As I have already mentioned, I have a great deal of esteem for Archbishop Peter Robinson, even though I am a tad more “pre-reformation” than he is. The article to which I link seeks to develop Archbishop Robinson’s Northerness.
It is interesting to note that there are many parallels between Anglican England and Lutheran Germany (or rather those little states in what was to become Germany which followed Luther). There was a “high” point in the baroque era, which cooled with the onset of the “classical” period.
Archbishop Robinson has always been much more on the side of “classical” and “old high church” Anglicanism than many continuing Anglicans who are more (or have been now the ordinariate-bound have gone their way) Anglican-Papalist. Personally, I just don’t have it in me to pick up a Prayer Book and say that is a complete liturgical book after all I have known and experienced. I disconnected from the Church of England back in 1981 – more than thirty years ago. The Thirty-Nine Articles remind me of old English legalese. On the other hand, I am just as dismayed at being in a church being broken up for spare parts and “ordinariate-fodder” – and which seems to be coming back to life in places, and yet very timidly. I disconnect more and more and aspire to a vision of Christianity more influenced by monasticism, contemplative life and a liturgical bedrock. Obviously, I am not parish priest material!

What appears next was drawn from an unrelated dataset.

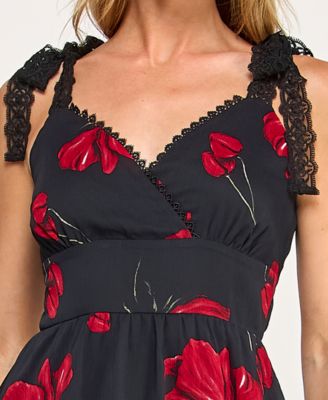 Juniors' Sleeveless Tiered Floral Midi Dress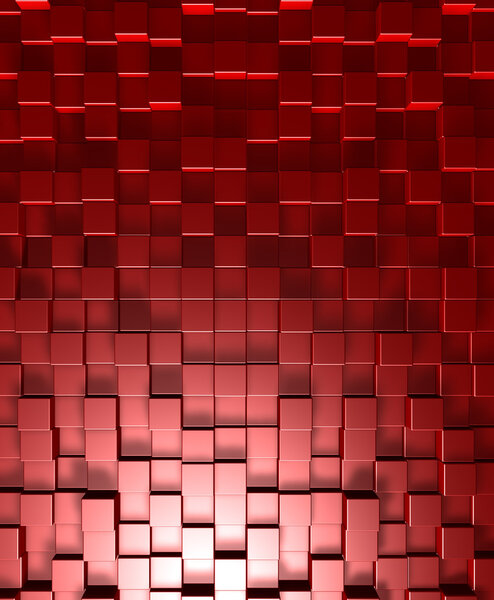 Red cubes background - 3d illustration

The author of this article, Charles Bartlett, gave a number of links at the end of the articles. My Northern Catholicism is said to be “a bit on the PC apologetic side but important nonetheless“. How strange, as, if PC means politically correct, I am so far from the bourgeois mentality – especially the new left. I pride myself on my being unconventional, out-of-the-box and more of an anarchist (more within the “individuated person” perspective than as a political system that does not and cannot “work”) than anything else. Also, I am not terribly “into” apologetics, but I prefer to let people find their own truths in their own time, that their discoveries should be a result of experience and illumination. I consider apologists in the same way as I consider telephone salesmen (and saleswomen) – just put the telephone receiver near your stereo speakers and leave them with nice music to listen too!
Anyway, I am happy that this fine Anglican intellectual still reads my stuff, and I always find his writings fascinating.